You can't obtain the ideal result you want as the _source will always be the exact same JSON as the one you indexed. However, you can use aggregations to get the information you want. — ThomasC
– ThomasC, Commented Aug 13, 2014 at 11:29

ThomasC · Accepted Answer · 2014-08-13 12:10:18Z

I managed to retrieve the values using aggregations, as stated in my previous comment.

Here follows how I did this.

First, the mapping I used :

PUT test/movie/_mapping
{
  "properties": {
    "title":{
      "type": "string",
      "index": "not_analyzed"
    },
    "ratings": {
      "type": "nested"
    }
  }
}

I chose not to index the title, but you could use fields attribute and keep it as a "raw" field.

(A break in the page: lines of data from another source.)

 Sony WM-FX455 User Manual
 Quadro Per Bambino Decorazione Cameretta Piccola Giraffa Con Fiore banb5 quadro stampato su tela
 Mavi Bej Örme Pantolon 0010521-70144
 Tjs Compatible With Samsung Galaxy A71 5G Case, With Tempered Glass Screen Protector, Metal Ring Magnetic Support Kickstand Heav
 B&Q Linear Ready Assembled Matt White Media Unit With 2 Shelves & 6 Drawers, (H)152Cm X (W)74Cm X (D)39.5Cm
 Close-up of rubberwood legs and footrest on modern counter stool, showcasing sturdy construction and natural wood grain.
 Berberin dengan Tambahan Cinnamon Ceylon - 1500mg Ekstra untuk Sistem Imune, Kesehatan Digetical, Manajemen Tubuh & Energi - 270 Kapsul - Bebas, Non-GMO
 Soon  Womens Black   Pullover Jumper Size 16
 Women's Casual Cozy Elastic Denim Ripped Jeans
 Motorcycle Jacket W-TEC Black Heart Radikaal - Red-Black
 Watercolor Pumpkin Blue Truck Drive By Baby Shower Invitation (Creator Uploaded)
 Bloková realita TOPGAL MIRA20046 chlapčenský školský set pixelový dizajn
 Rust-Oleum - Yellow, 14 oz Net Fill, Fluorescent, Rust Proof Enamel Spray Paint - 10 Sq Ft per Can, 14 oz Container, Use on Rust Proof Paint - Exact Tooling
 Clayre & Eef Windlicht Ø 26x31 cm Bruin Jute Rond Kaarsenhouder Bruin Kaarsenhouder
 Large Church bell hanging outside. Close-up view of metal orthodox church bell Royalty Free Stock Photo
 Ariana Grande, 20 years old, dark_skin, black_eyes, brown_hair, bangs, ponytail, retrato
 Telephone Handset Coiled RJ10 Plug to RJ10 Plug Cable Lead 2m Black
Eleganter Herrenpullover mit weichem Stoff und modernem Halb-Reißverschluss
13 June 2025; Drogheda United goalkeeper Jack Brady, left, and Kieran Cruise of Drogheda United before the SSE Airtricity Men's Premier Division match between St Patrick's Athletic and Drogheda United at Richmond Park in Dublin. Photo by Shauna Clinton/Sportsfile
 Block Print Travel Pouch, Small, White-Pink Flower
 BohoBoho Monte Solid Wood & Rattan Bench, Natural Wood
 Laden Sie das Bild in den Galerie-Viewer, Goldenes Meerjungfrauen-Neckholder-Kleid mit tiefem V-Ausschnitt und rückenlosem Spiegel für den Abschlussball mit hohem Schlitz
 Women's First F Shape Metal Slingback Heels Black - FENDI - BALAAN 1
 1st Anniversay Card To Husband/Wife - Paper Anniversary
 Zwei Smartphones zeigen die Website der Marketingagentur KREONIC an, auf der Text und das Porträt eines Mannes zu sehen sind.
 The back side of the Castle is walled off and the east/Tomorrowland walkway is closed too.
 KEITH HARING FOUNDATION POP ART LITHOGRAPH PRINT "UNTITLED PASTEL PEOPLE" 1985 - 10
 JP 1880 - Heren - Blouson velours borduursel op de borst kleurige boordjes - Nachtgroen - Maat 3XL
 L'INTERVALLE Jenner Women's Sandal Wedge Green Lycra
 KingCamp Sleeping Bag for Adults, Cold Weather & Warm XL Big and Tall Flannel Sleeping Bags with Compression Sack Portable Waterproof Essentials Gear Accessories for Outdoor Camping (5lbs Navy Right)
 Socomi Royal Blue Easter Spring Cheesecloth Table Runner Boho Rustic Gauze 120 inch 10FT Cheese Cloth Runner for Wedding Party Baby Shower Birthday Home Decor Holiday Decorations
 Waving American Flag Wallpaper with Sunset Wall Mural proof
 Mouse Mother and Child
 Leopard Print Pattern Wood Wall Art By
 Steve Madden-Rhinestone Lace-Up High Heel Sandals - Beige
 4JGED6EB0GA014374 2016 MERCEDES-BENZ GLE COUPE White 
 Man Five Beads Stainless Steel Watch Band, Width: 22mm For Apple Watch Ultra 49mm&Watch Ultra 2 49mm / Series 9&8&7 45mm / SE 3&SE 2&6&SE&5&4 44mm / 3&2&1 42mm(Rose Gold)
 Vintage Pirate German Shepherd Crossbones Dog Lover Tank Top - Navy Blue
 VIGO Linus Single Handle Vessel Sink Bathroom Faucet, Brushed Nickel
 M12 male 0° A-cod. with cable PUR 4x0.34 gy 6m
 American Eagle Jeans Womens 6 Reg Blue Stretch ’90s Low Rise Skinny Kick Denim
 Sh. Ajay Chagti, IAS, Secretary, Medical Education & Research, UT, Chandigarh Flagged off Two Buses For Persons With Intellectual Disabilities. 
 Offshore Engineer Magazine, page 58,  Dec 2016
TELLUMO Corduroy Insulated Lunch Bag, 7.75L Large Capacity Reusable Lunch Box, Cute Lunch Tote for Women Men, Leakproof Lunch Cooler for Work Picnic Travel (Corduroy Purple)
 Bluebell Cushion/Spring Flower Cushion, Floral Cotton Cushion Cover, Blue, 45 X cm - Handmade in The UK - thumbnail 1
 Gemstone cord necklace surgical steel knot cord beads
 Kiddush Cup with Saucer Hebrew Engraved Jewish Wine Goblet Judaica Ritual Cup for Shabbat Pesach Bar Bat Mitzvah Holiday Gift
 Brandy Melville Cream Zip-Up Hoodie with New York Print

Then, the movies indexed :

PUT test/movie/6629
{
  "title": "Fight Club",
  "ratings" : [
    { "user_id" : 1234, "rating_value" : 3 },
    { "user_id" : 4567, "rating_value" : 2 },
    { "user_id" : 7890, "rating_value" : 1 }
  ]
}


PUT test/movie/4456
{
  "title": "Jumanji",
  "ratings" : [
    { "user_id" : 1234, "rating_value" : 4 },
    { "user_id" : 4567, "rating_value" : 3 },
    { "user_id" : 4630, "rating_value" : 5 }
  ]
}

PUT test/movie/6547
{
  "title": "Hook",
  "ratings" : [
    { "user_id" : 1234, "rating_value" : 4 },
    { "user_id" : 7890, "rating_value" : 1 }
  ]
}

The aggregation query is :

GET test/movie/_search
{
  "aggs": {
    "by_movie": {
      "terms": {
        "field": "title"
      },
      "aggs": {
        "ratings_by_user": {
          "nested": {
            "path": "ratings"
          },"aggs": {
            "for_user_1234": {
              "filter": {
                "term": {
                  "ratings.user_id": "1234"
                }
              },
              "aggs": {
                "rating_value": {
                  "terms": {
                    "field": "ratings.rating_value"
                  }
                }
              }
            }
          }
        }
      }
    }
  }
}

Finally, here is the output produced when executing this query against the previous documents :

"aggregations": {
  "by_movie": {
     "buckets": [
        {
           "key": "Fight Club",
           "doc_count": 1,
           "ratings_by_user": {
              "doc_count": 3,
              "for_user_1234": {
                 "doc_count": 1,
                 "rating_value": {
                    "buckets": [
                       {
                          "key": 3,
                          "key_as_string": "3",
                          "doc_count": 1
                       }
                    ]
                 }
              }
           }
        },
        {
           "key": "Hook",
           "doc_count": 1,
           "ratings_by_user": {
              "doc_count": 2,
              "for_user_1234": {
                 "doc_count": 1,
                 "rating_value": {
                    "buckets": [
                       {
                          "key": 4,
                          "key_as_string": "4",
                          "doc_count": 1
                       }
                    ]
                 }
              }
           }
        },
        {
           "key": "Jumanji",
           "doc_count": 1,
           "ratings_by_user": {
              "doc_count": 3,
              "for_user_1234": {
                 "doc_count": 1,
                 "rating_value": {
                    "buckets": [
                       {
                          "key": 4,
                          "key_as_string": "4",
                          "doc_count": 1
                       }
                    ]
                 }
              }
           }
        }
     ]
  }

}

It's a bit tedious because of the nested syntax, but you'll be able to retrieve the rating of the provided user (here, 1234) for each movie.

Hope this helps!

Thanks a lot for your reply. It works fine but I still face 2 issues : 1/ I cannot aggregate by movie id instead of movie title. 2/ I cannot set an offset ('from' in ES) for the aggregated results I get. For the moment I'm trying to solve those 2 issues - but thanks for pointing this path
1) this is because the id isn't indexed. You can solve this by adding an "id" field to your mapping and index it as "not_analyzed". Then, update the "by_movie" aggregation to relate to the "id" field.
2) According to the documentation, it seems that the from/size parameters are applied to the results, not to the aggregations.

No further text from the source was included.